╭─ Data for the task

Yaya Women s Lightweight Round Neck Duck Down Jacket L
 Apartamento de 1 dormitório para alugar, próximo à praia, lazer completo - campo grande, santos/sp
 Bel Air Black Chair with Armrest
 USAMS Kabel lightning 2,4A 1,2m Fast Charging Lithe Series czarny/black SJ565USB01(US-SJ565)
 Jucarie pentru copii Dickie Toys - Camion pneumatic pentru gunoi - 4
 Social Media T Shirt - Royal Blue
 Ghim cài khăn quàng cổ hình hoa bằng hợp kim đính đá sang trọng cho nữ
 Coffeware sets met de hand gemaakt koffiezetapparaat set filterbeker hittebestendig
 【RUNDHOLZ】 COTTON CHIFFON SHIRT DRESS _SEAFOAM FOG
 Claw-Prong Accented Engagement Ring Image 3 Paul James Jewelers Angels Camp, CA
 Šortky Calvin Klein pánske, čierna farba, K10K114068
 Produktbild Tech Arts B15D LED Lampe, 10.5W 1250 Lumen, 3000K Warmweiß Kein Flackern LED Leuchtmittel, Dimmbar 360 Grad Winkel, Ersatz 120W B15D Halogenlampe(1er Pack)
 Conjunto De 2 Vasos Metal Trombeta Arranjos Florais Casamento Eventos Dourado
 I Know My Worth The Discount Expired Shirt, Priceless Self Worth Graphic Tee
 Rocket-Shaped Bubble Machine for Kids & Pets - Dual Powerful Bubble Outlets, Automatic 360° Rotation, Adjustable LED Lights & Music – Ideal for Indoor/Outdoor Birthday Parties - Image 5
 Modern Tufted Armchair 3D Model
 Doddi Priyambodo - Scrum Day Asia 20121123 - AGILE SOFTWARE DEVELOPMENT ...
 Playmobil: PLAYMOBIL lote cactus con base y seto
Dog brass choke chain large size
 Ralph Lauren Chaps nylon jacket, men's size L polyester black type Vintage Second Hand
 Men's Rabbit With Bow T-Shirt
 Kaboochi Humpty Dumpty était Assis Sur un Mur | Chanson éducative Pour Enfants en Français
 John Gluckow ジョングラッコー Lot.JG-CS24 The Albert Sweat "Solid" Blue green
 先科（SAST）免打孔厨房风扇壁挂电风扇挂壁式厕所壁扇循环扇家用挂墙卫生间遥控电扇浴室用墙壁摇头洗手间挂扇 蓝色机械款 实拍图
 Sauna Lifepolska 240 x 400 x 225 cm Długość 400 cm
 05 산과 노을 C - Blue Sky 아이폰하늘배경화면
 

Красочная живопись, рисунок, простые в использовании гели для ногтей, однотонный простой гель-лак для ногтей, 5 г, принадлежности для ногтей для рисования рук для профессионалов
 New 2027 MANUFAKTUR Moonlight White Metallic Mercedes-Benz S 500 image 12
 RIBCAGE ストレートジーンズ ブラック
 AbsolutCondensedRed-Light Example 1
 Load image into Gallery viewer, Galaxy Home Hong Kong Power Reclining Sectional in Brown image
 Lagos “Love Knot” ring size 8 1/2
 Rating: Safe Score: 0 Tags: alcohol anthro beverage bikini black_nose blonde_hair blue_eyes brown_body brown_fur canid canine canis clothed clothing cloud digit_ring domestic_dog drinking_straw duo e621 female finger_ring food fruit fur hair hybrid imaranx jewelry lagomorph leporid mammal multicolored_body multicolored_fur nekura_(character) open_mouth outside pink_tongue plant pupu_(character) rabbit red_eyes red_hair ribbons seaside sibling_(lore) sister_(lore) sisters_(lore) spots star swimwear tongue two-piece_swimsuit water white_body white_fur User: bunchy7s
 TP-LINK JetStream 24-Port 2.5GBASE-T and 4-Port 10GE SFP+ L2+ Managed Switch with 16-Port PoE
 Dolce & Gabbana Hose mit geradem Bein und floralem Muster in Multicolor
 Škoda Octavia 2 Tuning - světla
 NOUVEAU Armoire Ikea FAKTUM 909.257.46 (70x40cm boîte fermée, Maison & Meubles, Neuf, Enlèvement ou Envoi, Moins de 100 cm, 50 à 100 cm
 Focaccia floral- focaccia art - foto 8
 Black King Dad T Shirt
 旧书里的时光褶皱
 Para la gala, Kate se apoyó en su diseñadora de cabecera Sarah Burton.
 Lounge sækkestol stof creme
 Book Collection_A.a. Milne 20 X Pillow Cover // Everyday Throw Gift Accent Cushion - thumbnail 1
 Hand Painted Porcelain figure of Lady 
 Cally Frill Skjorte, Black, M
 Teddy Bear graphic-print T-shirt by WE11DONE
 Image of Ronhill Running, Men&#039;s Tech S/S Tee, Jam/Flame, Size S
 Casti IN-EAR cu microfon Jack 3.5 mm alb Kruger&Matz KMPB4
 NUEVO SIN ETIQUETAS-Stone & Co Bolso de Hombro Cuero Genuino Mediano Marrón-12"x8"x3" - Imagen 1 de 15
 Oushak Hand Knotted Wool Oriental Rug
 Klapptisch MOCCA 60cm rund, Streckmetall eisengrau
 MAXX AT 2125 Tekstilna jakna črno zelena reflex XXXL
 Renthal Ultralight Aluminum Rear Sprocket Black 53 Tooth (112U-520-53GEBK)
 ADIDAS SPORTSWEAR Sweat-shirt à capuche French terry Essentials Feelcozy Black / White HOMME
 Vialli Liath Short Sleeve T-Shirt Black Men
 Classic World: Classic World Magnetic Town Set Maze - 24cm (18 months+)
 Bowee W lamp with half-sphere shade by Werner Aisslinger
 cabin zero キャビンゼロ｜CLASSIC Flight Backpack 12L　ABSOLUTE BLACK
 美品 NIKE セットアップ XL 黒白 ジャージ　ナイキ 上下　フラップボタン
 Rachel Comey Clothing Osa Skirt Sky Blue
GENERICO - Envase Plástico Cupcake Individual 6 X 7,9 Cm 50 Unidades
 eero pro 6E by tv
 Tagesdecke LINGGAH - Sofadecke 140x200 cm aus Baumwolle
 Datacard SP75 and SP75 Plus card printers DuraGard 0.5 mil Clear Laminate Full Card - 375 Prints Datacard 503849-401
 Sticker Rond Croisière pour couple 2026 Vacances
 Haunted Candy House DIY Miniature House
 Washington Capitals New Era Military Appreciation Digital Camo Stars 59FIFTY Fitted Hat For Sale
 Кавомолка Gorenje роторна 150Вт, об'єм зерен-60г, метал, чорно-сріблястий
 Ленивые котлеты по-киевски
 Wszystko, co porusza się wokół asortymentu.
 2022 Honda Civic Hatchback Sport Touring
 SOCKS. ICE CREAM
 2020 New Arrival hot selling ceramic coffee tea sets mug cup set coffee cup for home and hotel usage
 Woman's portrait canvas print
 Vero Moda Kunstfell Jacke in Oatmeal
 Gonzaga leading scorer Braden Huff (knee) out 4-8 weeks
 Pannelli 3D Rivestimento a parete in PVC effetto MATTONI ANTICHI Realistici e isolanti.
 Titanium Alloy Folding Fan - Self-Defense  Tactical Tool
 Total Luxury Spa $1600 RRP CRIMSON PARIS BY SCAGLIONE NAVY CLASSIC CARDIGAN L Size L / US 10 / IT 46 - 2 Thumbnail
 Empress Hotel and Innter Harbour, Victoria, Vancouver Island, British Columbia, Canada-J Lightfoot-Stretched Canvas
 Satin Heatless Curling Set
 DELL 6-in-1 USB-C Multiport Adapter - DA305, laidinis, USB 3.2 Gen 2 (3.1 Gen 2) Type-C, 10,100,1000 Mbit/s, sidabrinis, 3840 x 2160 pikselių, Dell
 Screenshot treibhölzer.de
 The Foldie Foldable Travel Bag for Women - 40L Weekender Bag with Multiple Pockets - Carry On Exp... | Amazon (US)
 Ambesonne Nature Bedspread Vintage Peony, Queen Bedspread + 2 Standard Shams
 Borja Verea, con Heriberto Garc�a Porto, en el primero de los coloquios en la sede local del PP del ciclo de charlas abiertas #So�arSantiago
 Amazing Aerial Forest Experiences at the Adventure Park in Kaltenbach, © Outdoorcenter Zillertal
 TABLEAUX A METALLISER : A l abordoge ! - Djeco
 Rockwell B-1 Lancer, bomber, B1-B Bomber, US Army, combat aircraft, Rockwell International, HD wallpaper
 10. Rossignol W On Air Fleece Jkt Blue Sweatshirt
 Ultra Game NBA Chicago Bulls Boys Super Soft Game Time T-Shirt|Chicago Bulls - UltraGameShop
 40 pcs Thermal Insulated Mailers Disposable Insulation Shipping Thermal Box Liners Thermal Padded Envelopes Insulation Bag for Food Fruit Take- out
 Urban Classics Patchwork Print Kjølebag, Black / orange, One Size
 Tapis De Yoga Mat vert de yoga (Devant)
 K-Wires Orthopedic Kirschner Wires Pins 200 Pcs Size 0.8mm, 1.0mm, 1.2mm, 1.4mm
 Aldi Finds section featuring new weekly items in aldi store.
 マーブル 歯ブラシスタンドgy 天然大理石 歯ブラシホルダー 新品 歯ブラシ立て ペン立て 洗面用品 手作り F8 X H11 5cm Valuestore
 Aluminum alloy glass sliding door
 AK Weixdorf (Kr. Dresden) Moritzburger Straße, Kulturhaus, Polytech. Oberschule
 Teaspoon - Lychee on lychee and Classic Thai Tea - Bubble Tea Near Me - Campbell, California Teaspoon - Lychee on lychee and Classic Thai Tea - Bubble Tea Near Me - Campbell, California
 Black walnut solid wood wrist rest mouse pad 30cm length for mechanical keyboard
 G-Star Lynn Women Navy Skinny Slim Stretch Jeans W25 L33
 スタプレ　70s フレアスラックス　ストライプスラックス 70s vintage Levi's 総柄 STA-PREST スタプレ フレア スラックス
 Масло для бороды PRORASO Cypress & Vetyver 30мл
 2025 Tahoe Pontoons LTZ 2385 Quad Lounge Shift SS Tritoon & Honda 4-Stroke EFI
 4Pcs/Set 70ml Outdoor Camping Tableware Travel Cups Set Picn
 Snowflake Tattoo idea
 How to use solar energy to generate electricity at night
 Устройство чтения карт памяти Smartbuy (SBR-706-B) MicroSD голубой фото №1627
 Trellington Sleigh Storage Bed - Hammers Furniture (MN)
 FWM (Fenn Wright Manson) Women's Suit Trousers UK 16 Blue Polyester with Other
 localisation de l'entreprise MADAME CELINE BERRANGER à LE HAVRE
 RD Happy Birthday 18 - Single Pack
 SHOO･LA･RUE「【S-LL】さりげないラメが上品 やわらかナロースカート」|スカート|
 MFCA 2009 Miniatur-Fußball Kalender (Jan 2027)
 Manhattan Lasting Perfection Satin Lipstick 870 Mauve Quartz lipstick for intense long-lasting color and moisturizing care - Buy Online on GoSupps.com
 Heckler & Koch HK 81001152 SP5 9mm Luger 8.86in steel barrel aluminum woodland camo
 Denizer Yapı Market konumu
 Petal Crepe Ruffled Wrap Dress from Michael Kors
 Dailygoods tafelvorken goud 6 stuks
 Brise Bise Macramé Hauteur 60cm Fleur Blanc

╰─

**The problem:** Print, without alteration, only the lines above between the one holding "05 산과 노을 C - Blue Sky 아이폰하늘배경화면" and the one holding "TP-LINK JetStream 24-Port", inclusive.

**Written solution:**
 05 산과 노을 C - Blue Sky 아이폰하늘배경화면
 

Красочная живопись, рисунок, простые в использовании гели для ногтей, однотонный простой гель-лак для ногтей, 5 г, принадлежности для ногтей для рисования рук для профессионалов
 New 2027 MANUFAKTUR Moonlight White Metallic Mercedes-Benz S 500 image 12
 RIBCAGE ストレートジーンズ ブラック
 AbsolutCondensedRed-Light Example 1
 Load image into Gallery viewer, Galaxy Home Hong Kong Power Reclining Sectional in Brown image
 Lagos “Love Knot” ring size 8 1/2
 Rating: Safe Score: 0 Tags: alcohol anthro beverage bikini black_nose blonde_hair blue_eyes brown_body brown_fur canid canine canis clothed clothing cloud digit_ring domestic_dog drinking_straw duo e621 female finger_ring food fruit fur hair hybrid imaranx jewelry lagomorph leporid mammal multicolored_body multicolored_fur nekura_(character) open_mouth outside pink_tongue plant pupu_(character) rabbit red_eyes red_hair ribbons seaside sibling_(lore) sister_(lore) sisters_(lore) spots star swimwear tongue two-piece_swimsuit water white_body white_fur User: bunchy7s
 TP-LINK JetStream 24-Port 2.5GBASE-T and 4-Port 10GE SFP+ L2+ Managed Switch with 16-Port PoE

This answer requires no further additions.